Official Title: “Molecular Analysis of Neuromuscular Disease”

In the Congenital Myopathy Research Program at Boston Children's Hospital and Harvard Medical School, the researchers are studying the congenital myopathies (neuromuscular diseases present from birth), including central core disease, centronuclear/myotubular myopathy, congenital fiber type disproportion, multiminicore disease, nemaline myopathy, rigid spine muscular dystrophy, SEPN1 and RYR1 myopathy and undefined congenital myopathies. The primary goal of the research is to better understand the genes and proteins (gene products) involved in muscle functioning and disease. The researchers hope that our studies will allow for improved diagnosis and treatment of individuals with congenital myopathies in the future. For more information, visit the Laboratory Website at www.childrenshospital.org/research/beggs

  • Study Type: Observational
  • Study Design: Observational Model: Case-Only

Detailed Clinical Trial Description

The Congenital Myopathy Research Program consists of a group of scientists and healthcare providers all working to better understand the congenital myopathies. We are taking two approaches to reach our research goals. The first involves identifying and describing new genes and proteins involved in the skeletal muscles that allow our bodies to move. Simultaneously, studies are underway to identify genetic changes (mutations) that cause human neuromuscular disease.

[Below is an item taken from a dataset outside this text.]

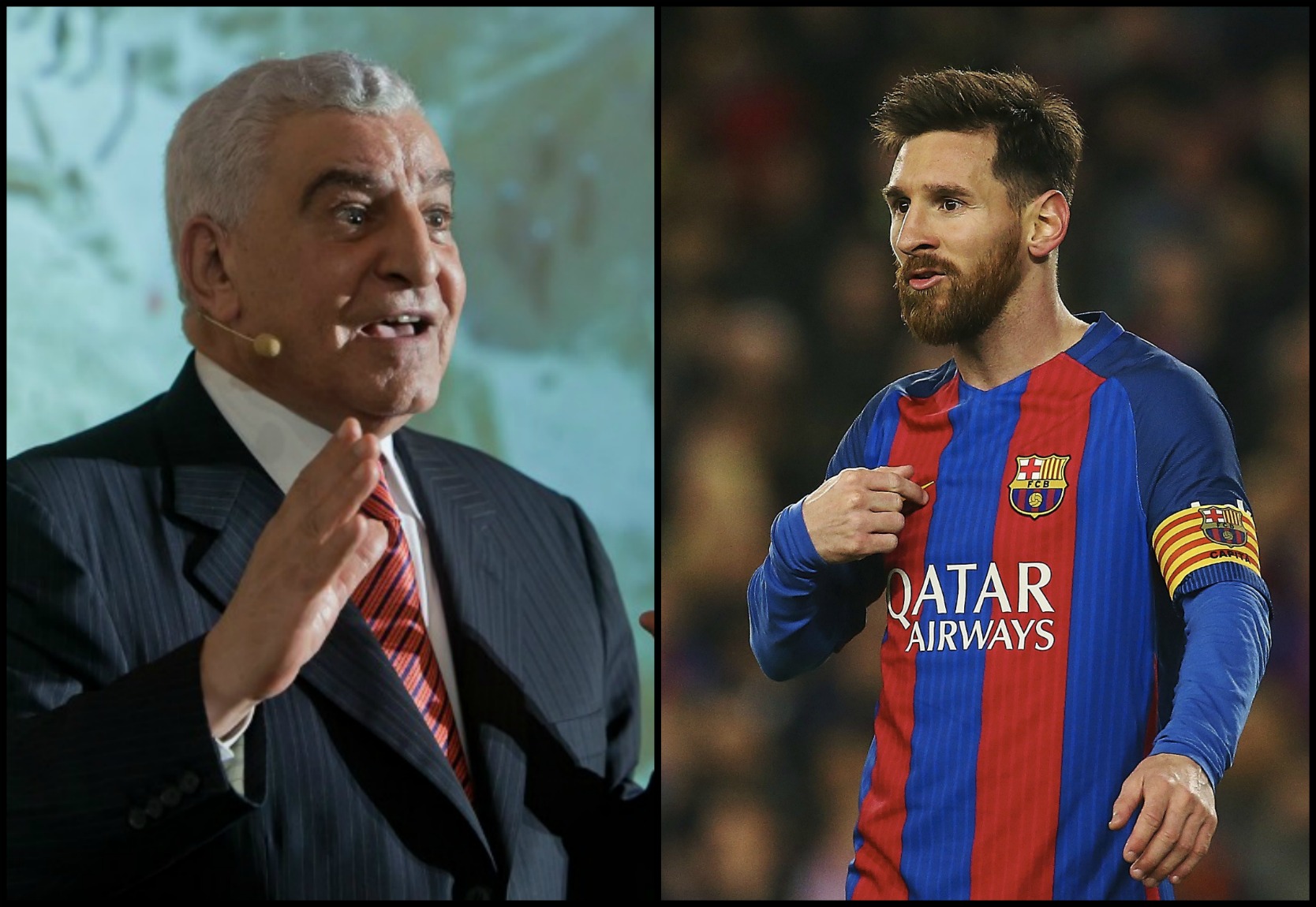 El poco interés del futbolista provocó el enfado de Hawass.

Thus, our second approach is to identify mutations, learn how they are inherited in families, and understand how they lead to weakness in individuals with neuromuscular disease. These approaches allow correlation of our basic muscle biology findings with our studies on muscle tissue of affected individuals.

Our research would not be possible without the generous participation of individuals and families with congenital myopathies. Participation in our studies is free of charge. Travel to Boston is not required, and we welcome the participation of individuals from around the world.

We appreciate the participation of all individuals with a congenital myopathy, as well as their first-degree relatives. Participants with a congenital myopathy are asked to donate medical records, a blood or saliva sample, and a muscle tissue sample (if available). Participating relatives are asked to donate a blood sample. The blood/saliva sample is used to acquire DNA (genetic material) which can be used to identify genetic changes and to study how a disease is inherited in a family. The medical records are employed to understand a participant's symptoms. The muscle tissue is used to better understand the disease at the muscular level by studying the gene expression and protein levels in individuals with congenital myopathies.

For more information, visit the Laboratory Website at www.childrenshospital.org/research/beggs.

Criteria for Participation in this Clinical Trial

Inclusion Criteria

  • Individuals with a clinical or suspected diagnosis of a congenital myopathy and their family members

Exclusion Criteria

  • No specific exclusion criteria. Our studies do not include myotonia congenita or related conditions.

Gender Eligibility for this Clinical Trial: Both

Minimum Age for this Clinical Trial: N/A

Maximum Age for this Clinical Trial: N/A

Are Healthy Volunteers Accepted for this Clinical Trial: No

Clinical Trial Investigator Information

  • Lead Sponsor
    • Children’s Hospital Boston
  • Collaborator
    • Muscular Dystrophy Association
  • Provider of Information About this Clinical Study
    • Sponsor
  • Overall Official(s)
    • Alan H. Beggs, Ph.D., Principal Investigator, Children’s Hospital Boston/Harvard Medical School
  • Overall Contact(s)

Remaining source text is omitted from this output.